2.2 Contrastive Learning

Contrastive learning, popularized in computer vision (MoCo, SimCLR), has been adapted to NLP for sentence encoding. It treats different augmented views of the same sentence as positives and other sentences in the batch as negatives, encouraging the model to bring positives closer while pushing negatives apart.

3. Model

3.1 Problem Definition

Given a pretrained language model (e.g., BERT) and an unlabeled corpus from the target domain, the goal is to fine‑tune the model via a self‑supervised task so that the resulting sentence embeddings perform well on downstream semantic matching tasks.
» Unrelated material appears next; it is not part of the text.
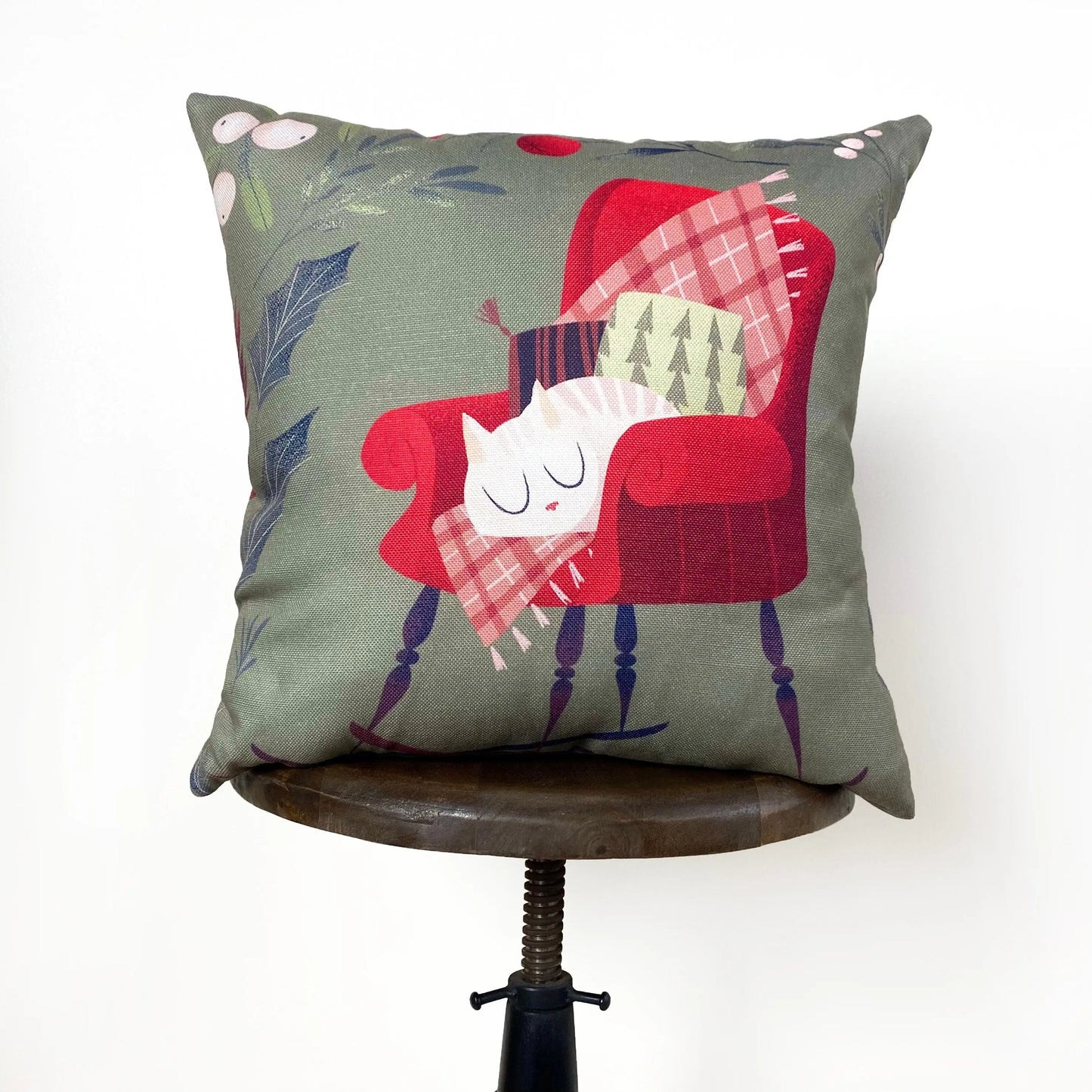 Christmas Kitty on Chair Throw Pillow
3.2 Contrastive Framework (ConSERT)

ConSERT consists of three components:

A data‑augmentation module that generates two different views of the same sentence at the embedding level.

A shared BERT encoder that produces sentence vectors for each view.

A contrastive loss layer (NT‑Xent) that maximizes similarity between the two views while separating different sentences.

During training, each sentence in a batch is augmented twice, yielding 2N samples that are encoded, pooled, and fed to the NT‑Xent loss with a temperature hyper‑parameter (set to 0.1 in experiments).

3.3 Embedding‑Level Data Augmentation

Four efficient augmentation strategies are explored, all operating on the embedding matrix:

Adversarial Attack : adds gradient‑based perturbations (requires supervised training).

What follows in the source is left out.